= Tina Baker =

British journalist

Tina Baker (born 4 May 1958 in Coalville, Leicestershire, England) is an author, broadcaster, journalist, and fitness professional. She has published 4 novels, including the Amazon Number 1 bestseller, Call Me Mummy. Her other thrillers with publisher Viper Books are What We Did in the Storm, Nasty Little Cuts, and Make Me Clean.

She started her TV career as a presenter/reporter on TV-am in the 1980s, worked as a TV critic for GMTV, appeared on many programmes as a pundit, including Big Brother's Big Mouth, and various list shows like The Top 100 TV Christmas Crackers, presented slots on BBC's Daytime Live, and was a judge for The British Soap Awards.

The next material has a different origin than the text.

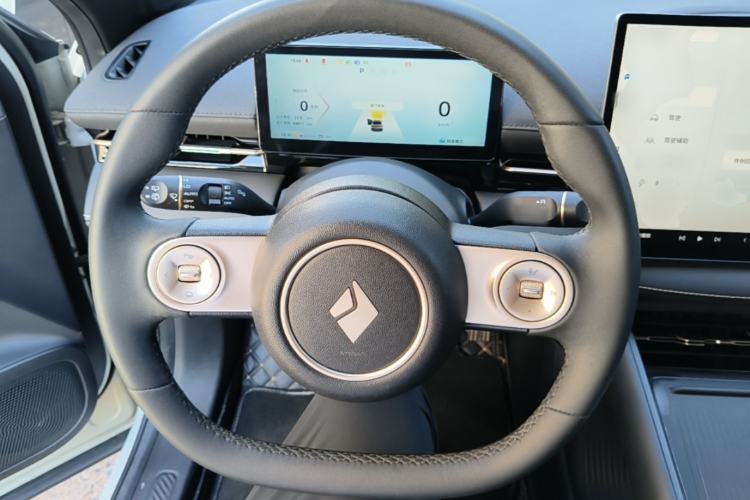 Used Baojun Yunhai 2024 600km Pure Electric Version Steering Wheel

Tina also won ITV1's reality TV show, Celebrity Fit Club, then qualified as a motivational fitness coach. She still works as a personal trainer and fitness instructor.

She has written for magazines TV Times, Soaplife, Woman's Own and Womans Realm, newspapers including The Sun, The Mirror, and The Mail, and has been a regular broadcaster on numerous radio stations, including BBC Radio Five Live, Radio 2, The Asian Network and many regional stations.

The daughter of a window cleaner and fairground worker, she now lives in north London, is married, and has four rescue cats.